═════ PROVIDED RECORDS

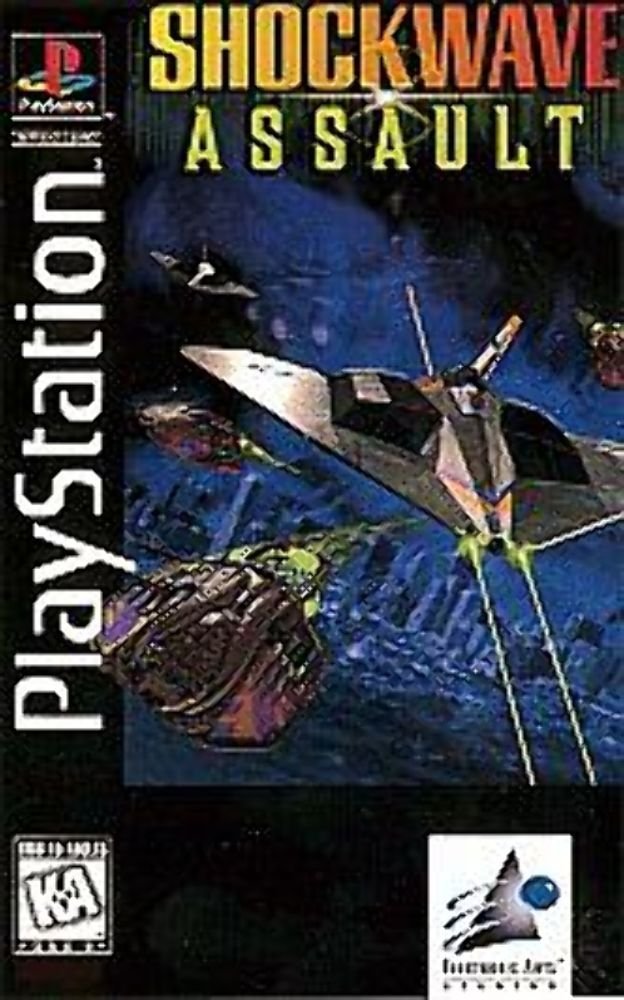 Shockwave Assault for Playstation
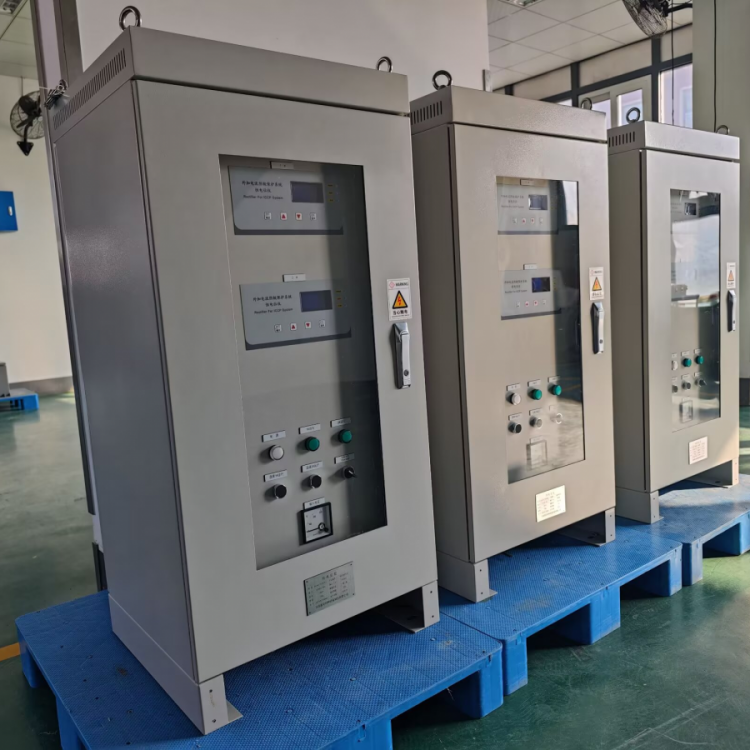 阴极保护电源设备恒电位仪50V/100A两主一备 可控硅油冷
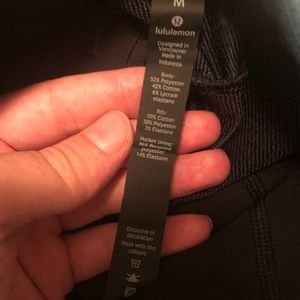 Lululemon joggers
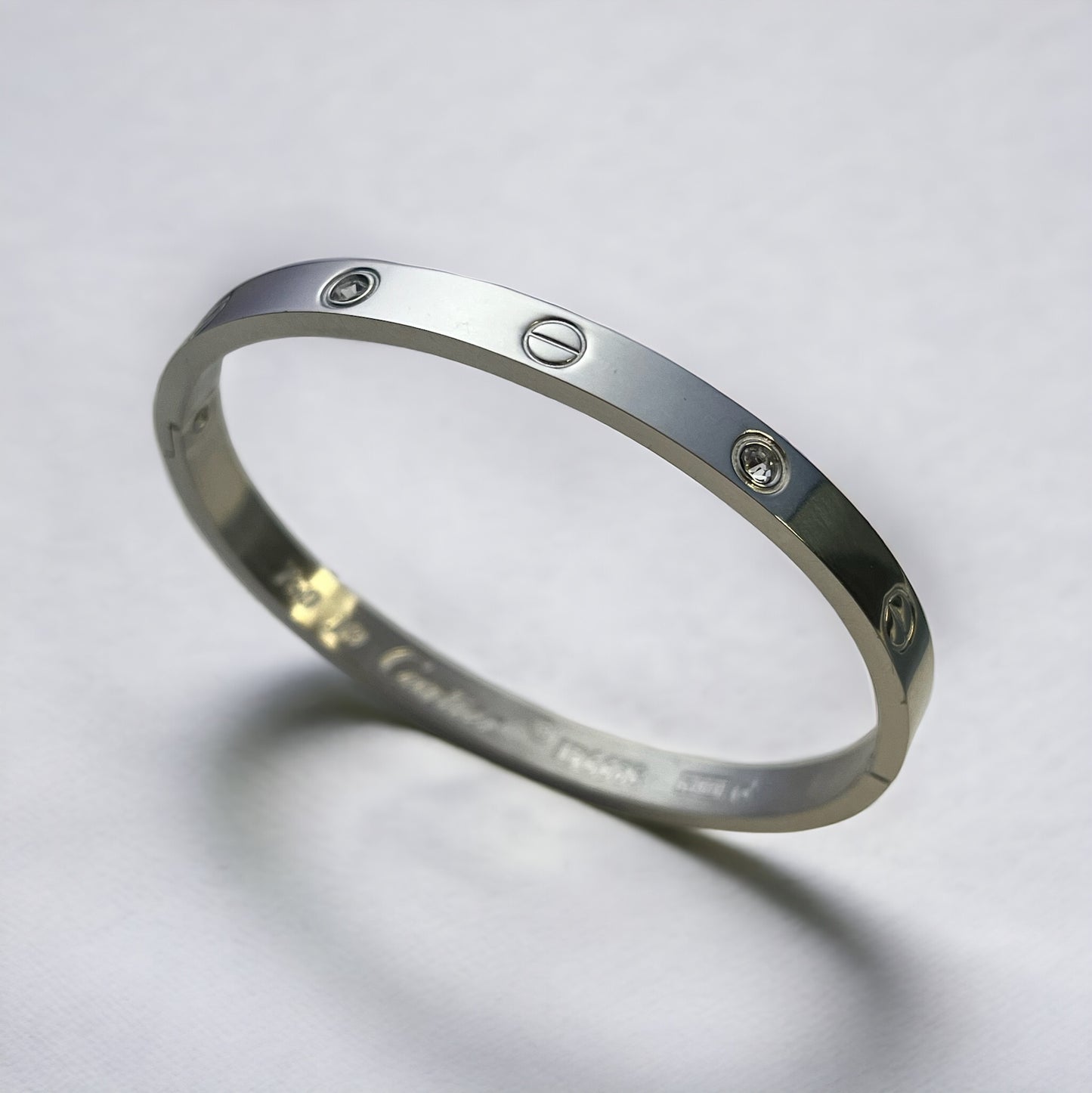 Serene Cuff - Silver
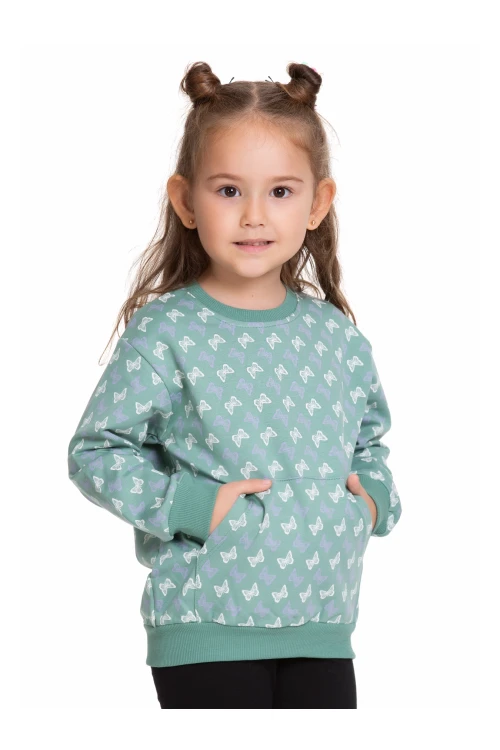 Kelebek Desenli Sweat 54362
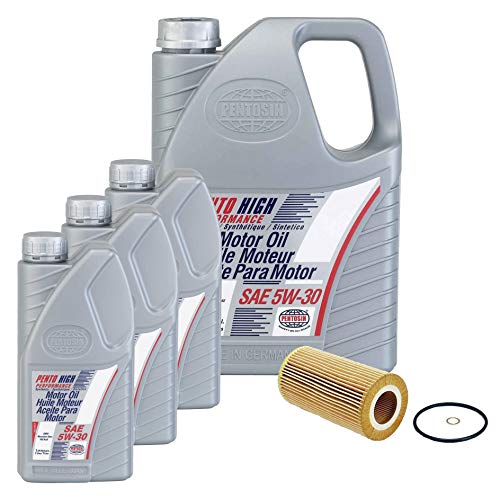 Kit de cambio de aceite OEM 5W-30 alto rendimiento 8 litros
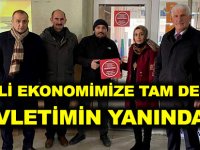 MİLLİ EKONOMİMİZE TAM DESTEK DEVLETİMİN YANINDAYIM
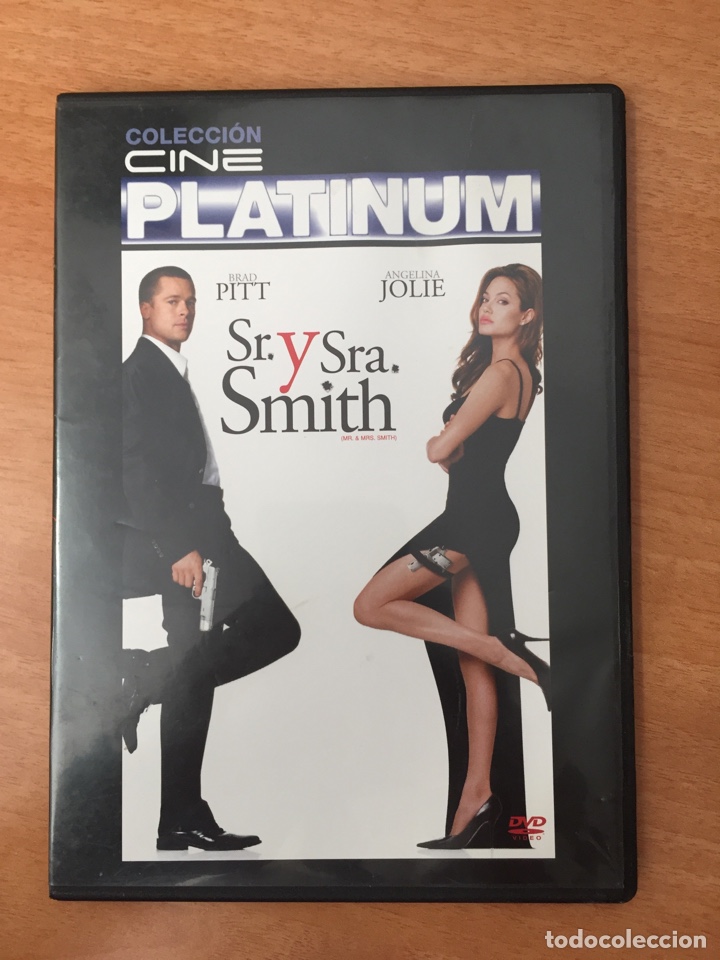 Cinema: (DVS-114) Sr y Sra Smith - DVD Tapa fina Segunda mano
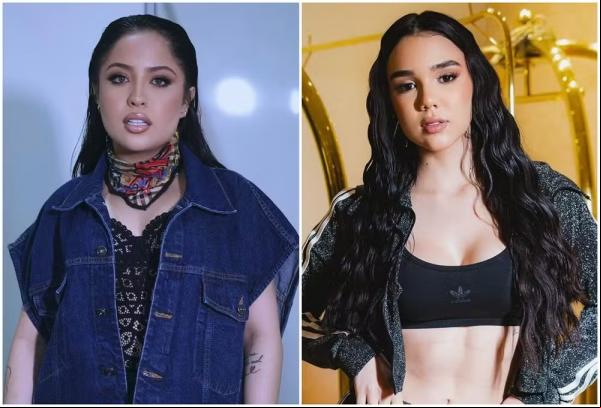 Mari Fernandes e Ju?lia Ribeiro (Imagem:Reprodução/Instagram)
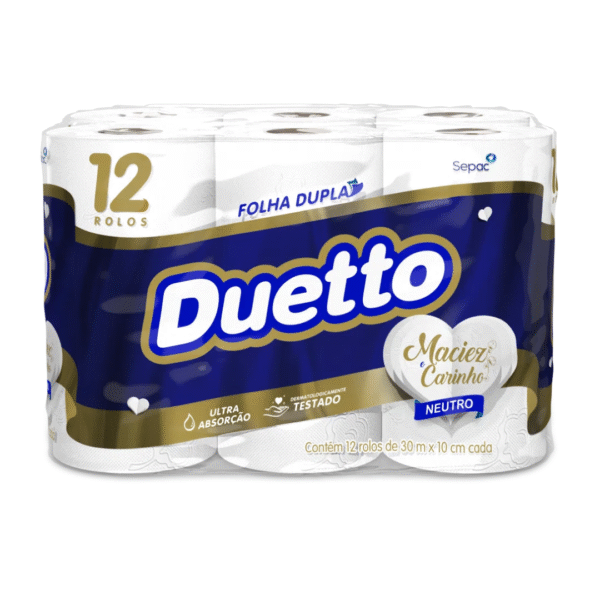 PAP HIG.DUETTO C/12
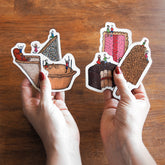 Set of 6 Australian Food Magnets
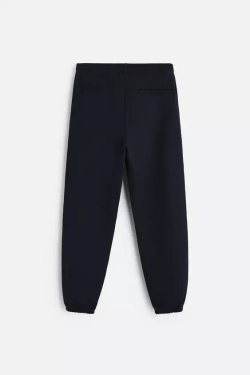 ZARA БРЮКИ-ДЖОГГЕРЫ, МОРСКОЙ ТЕМНО-СИНИЙ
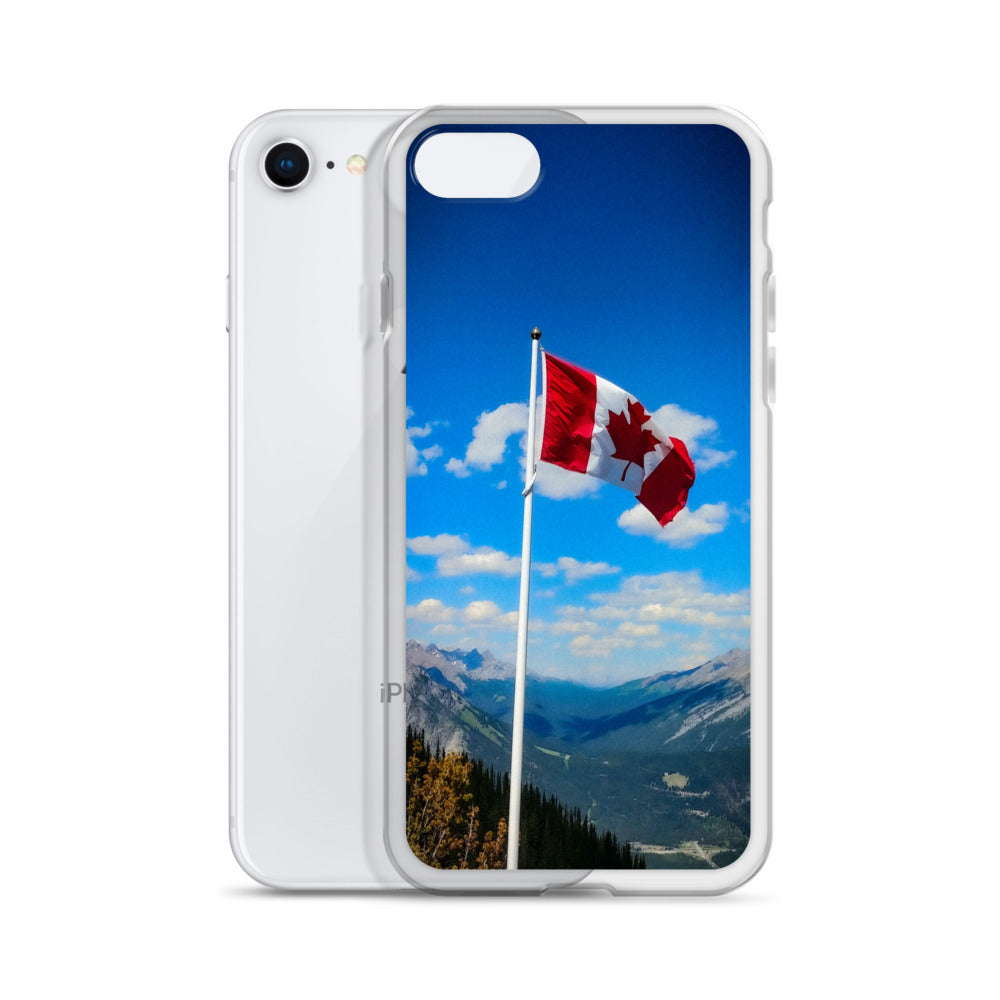 Canadian flag phone case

══════════

» TASK GOAL
Word for word, restate the material above; do not carry over the pictures.

» TASK RESPONSE
 Shockwave Assault for Playstation
 阴极保护电源设备恒电位仪50V/100A两主一备 可控硅油冷
 Lululemon joggers
 Serene Cuff - Silver
 Kelebek Desenli Sweat 54362
 Kit de cambio de aceite OEM 5W-30 alto rendimiento 8 litros
 MİLLİ EKONOMİMİZE TAM DESTEK DEVLETİMİN YANINDAYIM
 Cinema: (DVS-114) Sr y Sra Smith - DVD Tapa fina Segunda mano
 Mari Fernandes e Ju?lia Ribeiro (Imagem:Reprodução/Instagram)
 PAP HIG.DUETTO C/12
 Set of 6 Australian Food Magnets
 ZARA БРЮКИ-ДЖОГГЕРЫ, МОРСКОЙ ТЕМНО-СИНИЙ
 Canadian flag phone case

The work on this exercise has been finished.